■ Task instructions
Look in the listing below for the line that has "Hataraku Saibou! Chapter 9 trang 3", then return it and each following line up to and including the one with "Дисковая борона лемкен рубин.Продам.", exactly and without pictures.
[Opening Data for the task section]
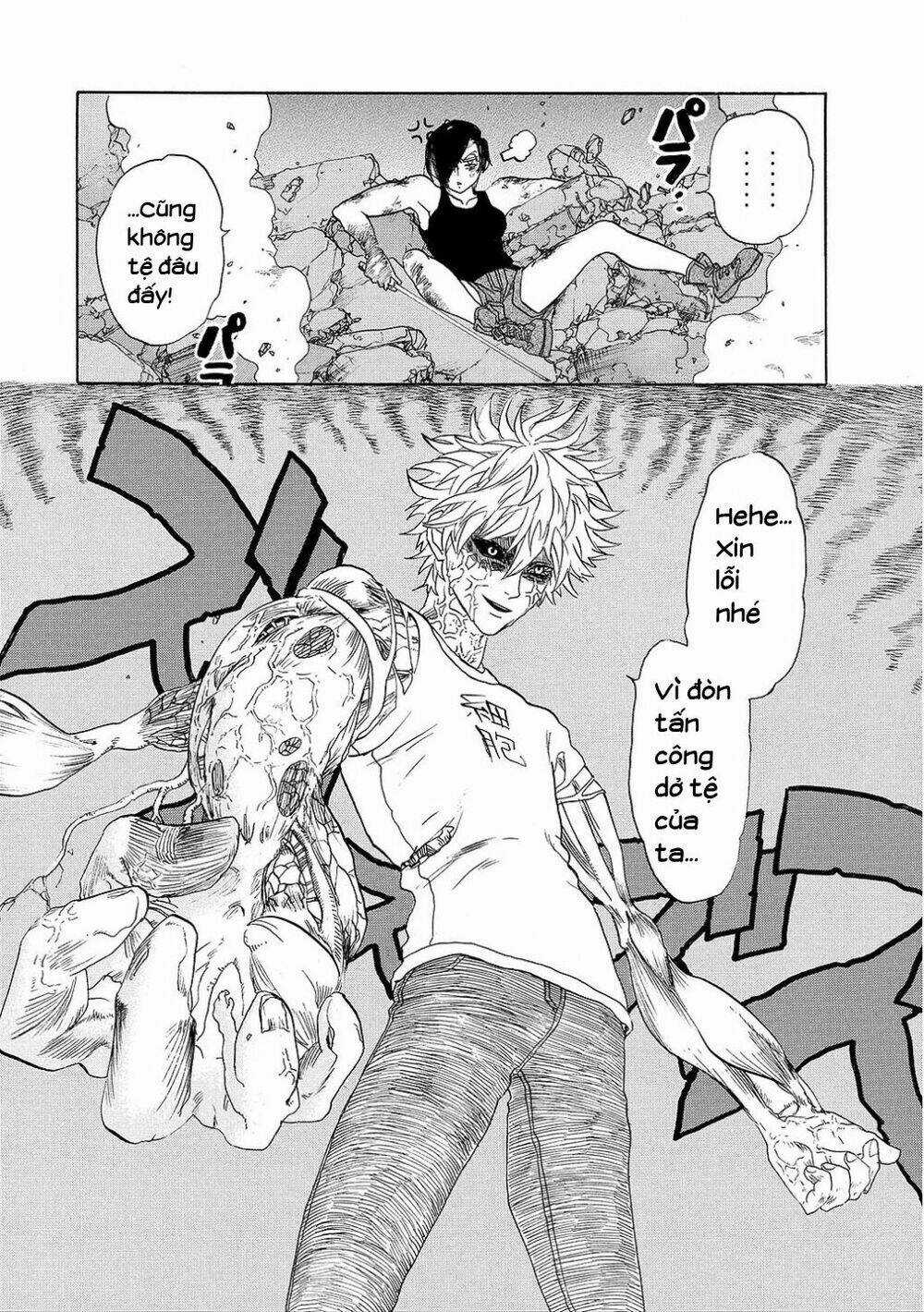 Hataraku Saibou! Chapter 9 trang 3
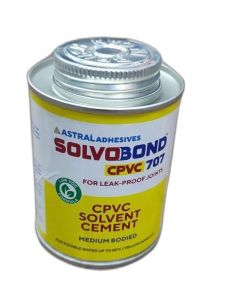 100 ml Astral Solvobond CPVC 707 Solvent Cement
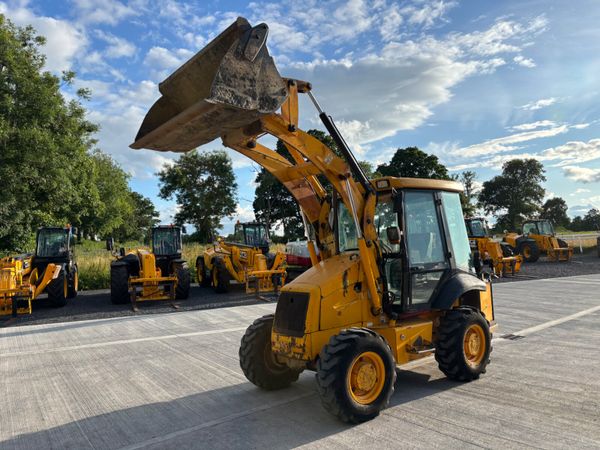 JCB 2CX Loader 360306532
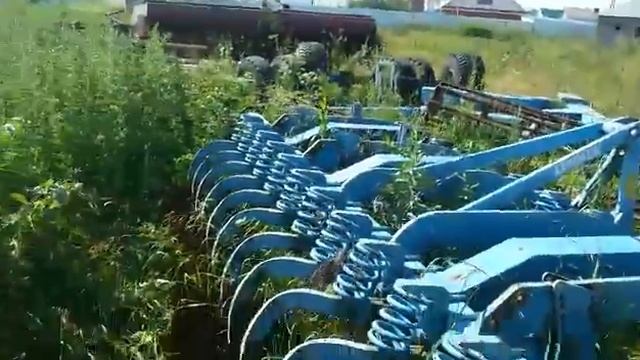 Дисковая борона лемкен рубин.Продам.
[Closing Data for the task section]
[Opening Data for the task section]
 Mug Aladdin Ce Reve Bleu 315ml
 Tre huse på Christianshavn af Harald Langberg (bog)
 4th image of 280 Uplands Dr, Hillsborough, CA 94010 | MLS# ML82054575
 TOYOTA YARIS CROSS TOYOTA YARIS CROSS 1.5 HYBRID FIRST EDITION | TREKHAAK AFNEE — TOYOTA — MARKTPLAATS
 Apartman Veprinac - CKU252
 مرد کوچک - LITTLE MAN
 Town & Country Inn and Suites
[Closing Data for the task section]
■ Result for this exercise
 Hataraku Saibou! Chapter 9 trang 3
 100 ml Astral Solvobond CPVC 707 Solvent Cement
 JCB 2CX Loader 360306532
 Дисковая борона лемкен рубин.Продам.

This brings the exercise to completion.